Word problems and embedding-obstructions in cellular automata groups on groups
Ville Salo
TL;DR
This work analyzes word problems and embeddability for automorphism groups of subshifts on countable groups, revealing a growth-driven complexity landscape: polynomial-growth bases place word problems in co-NP, while faster growth (under the Gap Conjecture) yields PSPACE-hardness; free and surface groups admit PSPACE upper bounds, and the lamplighter group attains co-NEXPTIME-completeness in natural settings. The authors introduce ripple catching, a powerful construction that uses cone-based propagation to encode computations within automorphism actions, and develop arboreous graph frameworks to realize PSPACE-hardness in broad classes of groups. They establish key non-embedding results (e.g., dimension and center-related obstructions) and derive upper bounds via polynomial splitting schemes for free and surface groups, yielding a cohesive complexity map for $ ext{Aut}(X)$ across diverse groups and subshifts. The work also identifies several open questions on embeddings, growth-type limitations, and the reach of the splitting-scheme methodology, pointing to rich interactions between symbolic dynamics, group theory, and computational complexity.
Abstract
We study groups of reversible cellular automata, or CA groups, on groups. More generally, we consider automorphism groups of subshifts of finite type on groups. It is known that word problems of CA groups on virtually nilpotent groups are in co-NP, and can be co-NP-hard. We show that under the Gap Conjecture of Grigorchuk, their word problems are PSPACE-hard on all other groups. On free and surface groups, we show that they are indeed always in PSPACE. On a group with co-NEXPTIME word problem, CA groups themselves have co-NEXPTIME word problem, and on the lamplighter group (which itself has polynomial-time word problem) we show they can be co-NEXPTIME-hard.

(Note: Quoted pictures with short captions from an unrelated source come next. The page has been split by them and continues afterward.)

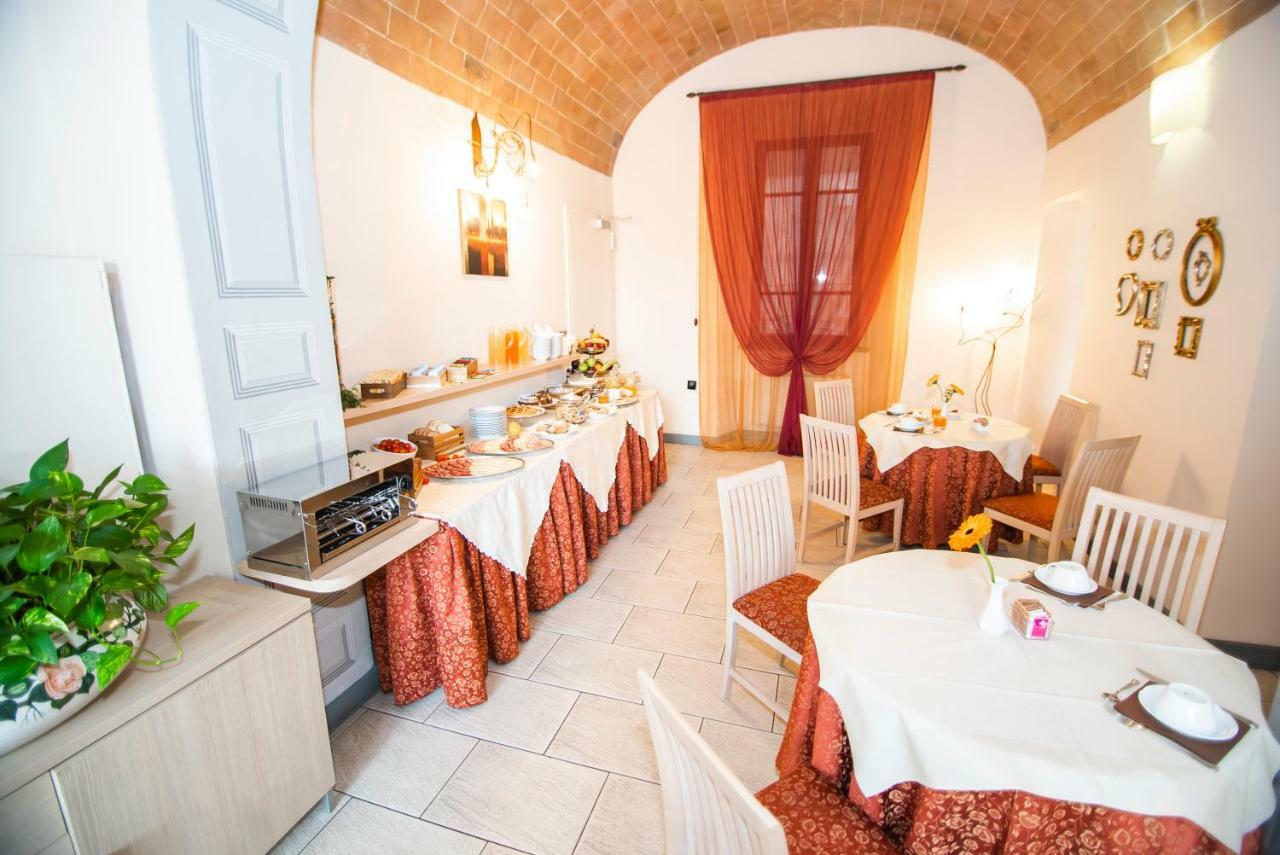 Hotel La Colonna Siena Buitenkant foto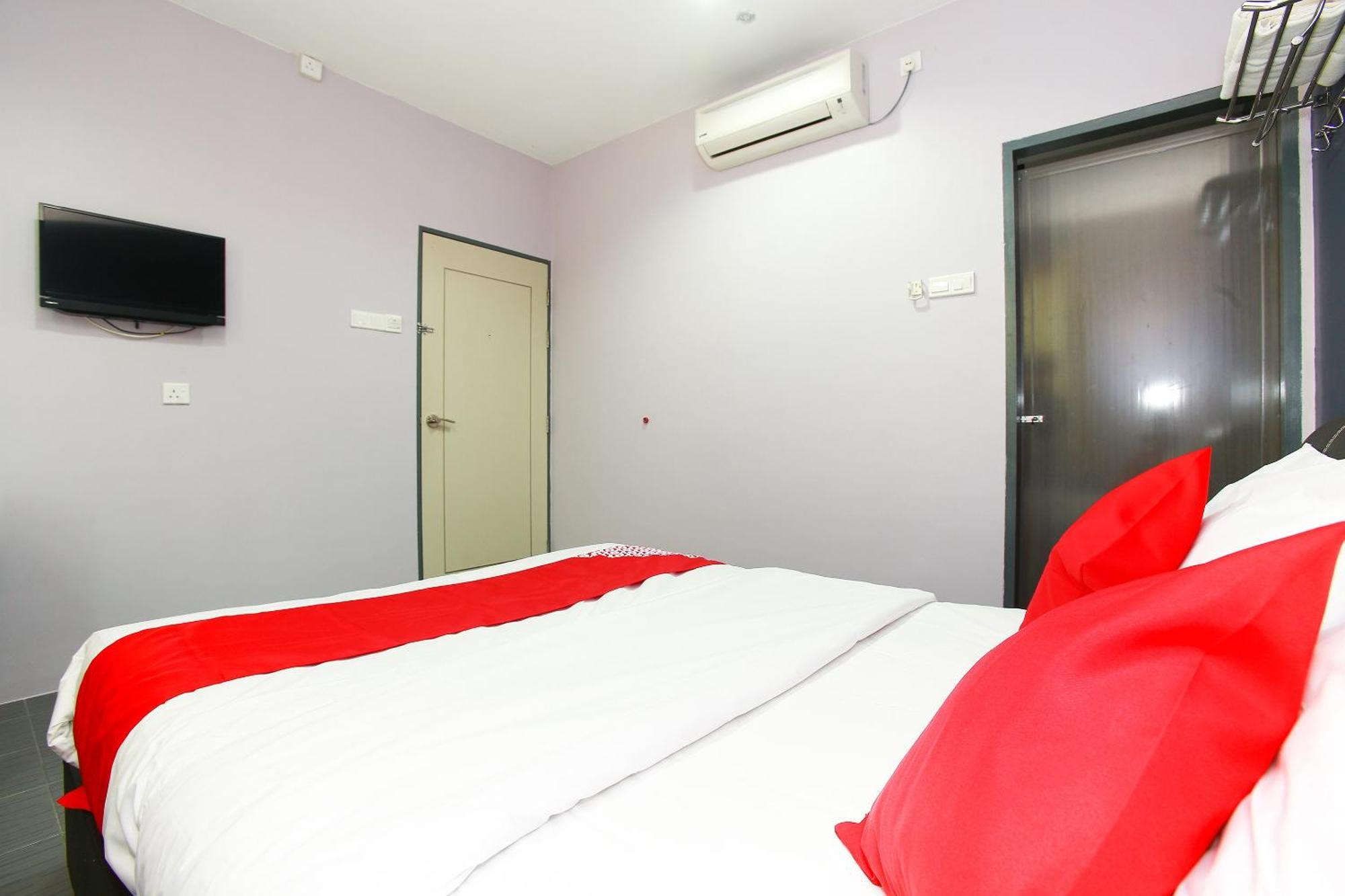 OYO 89332 De Hotel Teluk Intan Buitenkant foto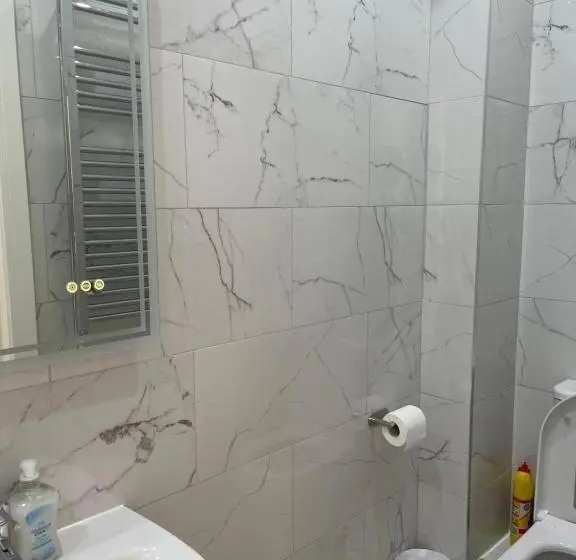 Standard Kolmen Hengen Huone, Lonsdale Place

We show also nonembeddability results: the group of cellular automata on a non-cyclic free group does not embed in the group of cellular automata on the integers (this solves a question of Barbieri, Carrasco-Vargas and Rivera-Burgos); and the group of cellular automata in dimension $D$ does not embed in a group of cellular automata in dimension $d$ if $D > d$ (this solves a question of Hochman).